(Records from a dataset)
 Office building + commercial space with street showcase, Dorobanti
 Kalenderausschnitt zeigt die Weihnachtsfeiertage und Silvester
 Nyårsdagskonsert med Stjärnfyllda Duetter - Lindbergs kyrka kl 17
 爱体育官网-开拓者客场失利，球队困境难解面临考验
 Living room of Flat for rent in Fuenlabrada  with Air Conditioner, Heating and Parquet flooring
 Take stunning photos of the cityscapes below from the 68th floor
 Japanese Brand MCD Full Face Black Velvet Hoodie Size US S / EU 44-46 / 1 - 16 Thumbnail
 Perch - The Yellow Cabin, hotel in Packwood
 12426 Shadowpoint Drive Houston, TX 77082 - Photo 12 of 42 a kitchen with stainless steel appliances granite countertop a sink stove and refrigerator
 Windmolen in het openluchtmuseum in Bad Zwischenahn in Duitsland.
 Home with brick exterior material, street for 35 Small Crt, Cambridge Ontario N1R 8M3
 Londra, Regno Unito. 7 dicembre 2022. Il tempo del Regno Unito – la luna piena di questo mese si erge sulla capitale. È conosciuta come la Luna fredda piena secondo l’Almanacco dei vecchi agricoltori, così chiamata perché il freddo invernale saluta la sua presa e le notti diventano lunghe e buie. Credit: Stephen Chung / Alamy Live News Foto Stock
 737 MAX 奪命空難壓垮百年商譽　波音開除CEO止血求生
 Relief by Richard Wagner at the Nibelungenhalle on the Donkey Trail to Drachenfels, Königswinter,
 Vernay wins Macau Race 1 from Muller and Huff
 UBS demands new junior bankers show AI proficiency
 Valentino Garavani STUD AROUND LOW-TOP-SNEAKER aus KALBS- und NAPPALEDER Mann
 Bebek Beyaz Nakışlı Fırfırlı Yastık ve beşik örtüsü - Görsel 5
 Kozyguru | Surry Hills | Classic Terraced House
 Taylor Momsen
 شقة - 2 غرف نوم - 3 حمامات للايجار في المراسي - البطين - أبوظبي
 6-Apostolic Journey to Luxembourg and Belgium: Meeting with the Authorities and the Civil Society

▶ [What you have to do]
Nothing should be altered. Set down all the data again.

▶ [Answer space]
 Office building + commercial space with street showcase, Dorobanti
 Kalenderausschnitt zeigt die Weihnachtsfeiertage und Silvester
 Nyårsdagskonsert med Stjärnfyllda Duetter - Lindbergs kyrka kl 17
 爱体育官网-开拓者客场失利，球队困境难解面临考验
 Living room of Flat for rent in Fuenlabrada  with Air Conditioner, Heating and Parquet flooring
 Take stunning photos of the cityscapes below from the 68th floor
 Japanese Brand MCD Full Face Black Velvet Hoodie Size US S / EU 44-46 / 1 - 16 Thumbnail
 Perch - The Yellow Cabin, hotel in Packwood
 12426 Shadowpoint Drive Houston, TX 77082 - Photo 12 of 42 a kitchen with stainless steel appliances granite countertop a sink stove and refrigerator
 Windmolen in het openluchtmuseum in Bad Zwischenahn in Duitsland.
 Home with brick exterior material, street for 35 Small Crt, Cambridge Ontario N1R 8M3
 Londra, Regno Unito. 7 dicembre 2022. Il tempo del Regno Unito – la luna piena di questo mese si erge sulla capitale. È conosciuta come la Luna fredda piena secondo l’Almanacco dei vecchi agricoltori, così chiamata perché il freddo invernale saluta la sua presa e le notti diventano lunghe e buie. Credit: Stephen Chung / Alamy Live News Foto Stock
 737 MAX 奪命空難壓垮百年商譽　波音開除CEO止血求生
 Relief by Richard Wagner at the Nibelungenhalle on the Donkey Trail to Drachenfels, Königswinter,
 Vernay wins Macau Race 1 from Muller and Huff
 UBS demands new junior bankers show AI proficiency
 Valentino Garavani STUD AROUND LOW-TOP-SNEAKER aus KALBS- und NAPPALEDER Mann
 Bebek Beyaz Nakışlı Fırfırlı Yastık ve beşik örtüsü - Görsel 5
 Kozyguru | Surry Hills | Classic Terraced House
 Taylor Momsen
 شقة - 2 غرف نوم - 3 حمامات للايجار في المراسي - البطين - أبوظبي
 6-Apostolic Journey to Luxembourg and Belgium: Meeting with the Authorities and the Civil Society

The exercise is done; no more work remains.